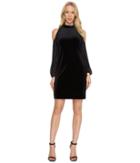 Laundry By Shelli Segal - Velvet Cold Shoulder Cocktail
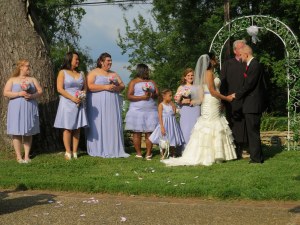 The female attendants.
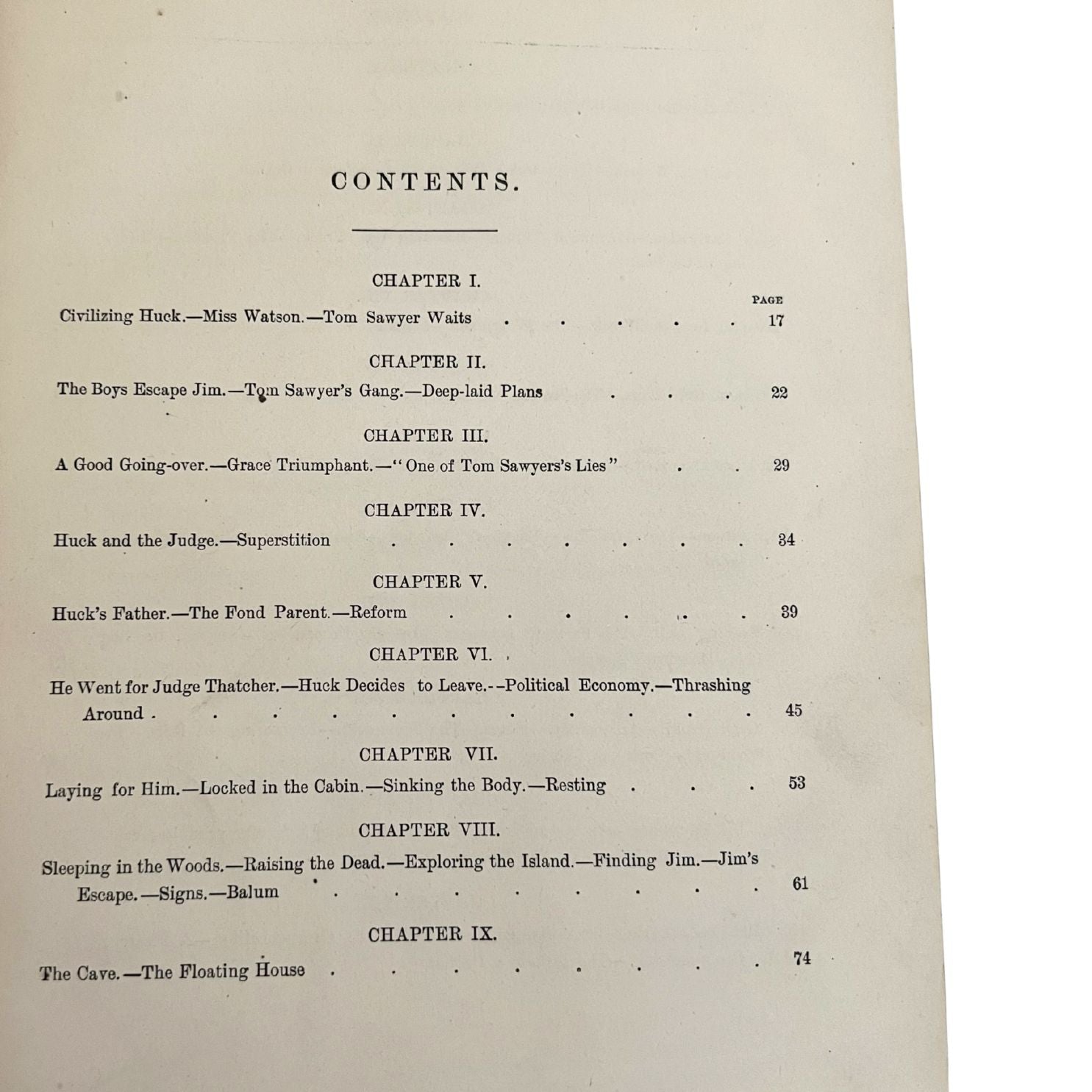 Adventures of Huckleberry Finn by Mark Twain, First American Edition, Later State, in Green Cloth, 1885 - The Great Republic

--- --- ---

## What you need to do
Apart from its pictures, the material above should be repeated exactly.

## Task response
 Laundry By Shelli Segal - Velvet Cold Shoulder Cocktail
 The female attendants.
 Adventures of Huckleberry Finn by Mark Twain, First American Edition, Later State, in Green Cloth, 1885 - The Great Republic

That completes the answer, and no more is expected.